The transmission of a quasar spectrum (flux divided by the continuum) is correlated because of the finite width of absorption lines. We describe a technique for calculating the transmission correlation function produced by randomly distributed lines. We also introduce straightforward procedure for measuring the pixel-pixel transmission correlation function xi(pp) directly from observed quasar spectra. We apply the method to 12 Sargent, Boksenberg, & Steidel QSO spectra and compare these with theoretical transmission correlation functions and with xi(pp) measured from computer-simulated quasar spectra of Lyalpha forest models with Poisson-distributed lines. The simulations are designed to mimic the observed spectrum as closely as possible, with the same wavelength sampling, instrumental resolution, continuum and noise properties. The comparisons with line distributions that are power laws in column density and redshift, and Gaussians in line width b reveal an excess in the observed xi(pp) at DELTAv congruent-to 150 km s-1, if we adopt the Carswell et al. (1991) parameters for the Gaussian (mean bo = 30 km s-1, dispersion sigma(b) = 10 km s-1).
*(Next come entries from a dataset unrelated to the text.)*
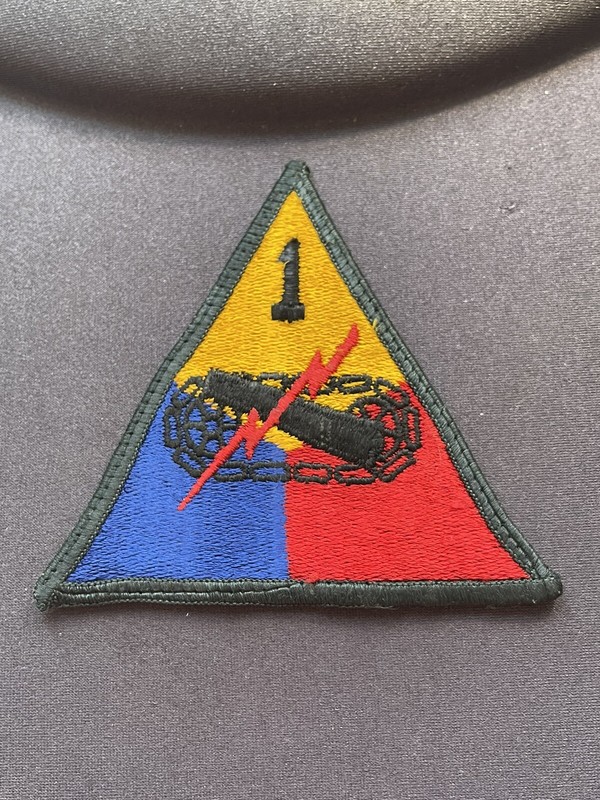 US Army 1st Armored Division Shoulder Patch “Old Ironsides” 3 1/2” x 3 1/4”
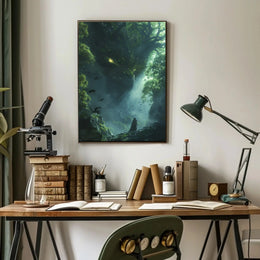 Mystical Forest Guardian Art Print: Abstract, Artistic, or Pop Culture Poster PosterGoat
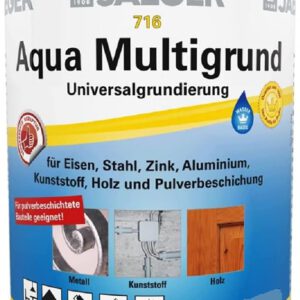 €11,98L  2,5 L Jaeger 716 Aqua Multigrund Universalgrundierung Eisen Zink Holz Pulverbeschichtete Oberflächen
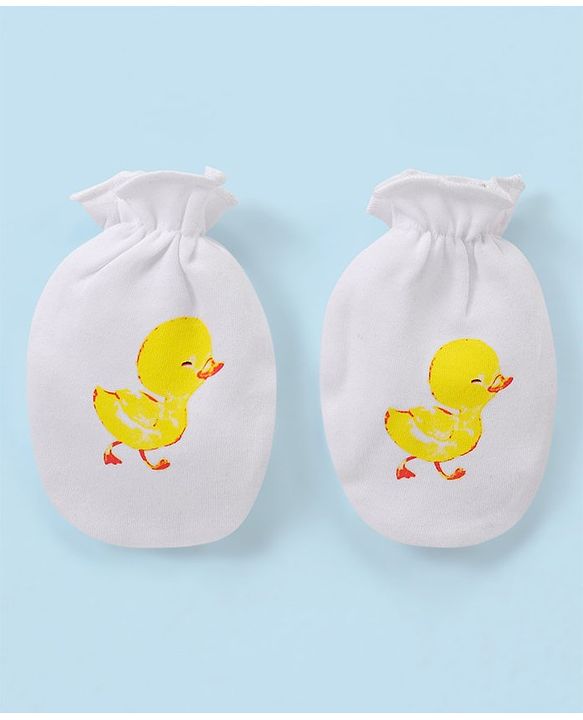 Babyhug 100 % Cotton Baby Clothing Gift Sets Pack of 5 - White & Yellow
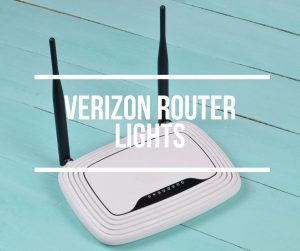 Verizon Router Lights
One possibility is that the Lyalpha forest lines are actually clustered at velocity separation scales DELTAv congruent-to 150 km s-1. Another possibility we explore here is that the b-distribution has more large b clouds and a larger dispersion. We find the observed xi(pp) is barely consistent with b0 = 40 km s-1 and sigma(b) = 25 km s-1. We show that the measured xi(pp) is relatively insensitive to the noise level and to errors in the continuum determination, unlike the traditional line counting methods, where the outcome is quite vulnerable to both. It also requires no line deblending and thus offers a powerful tool for extracting information from the crowded Lyalpha forest.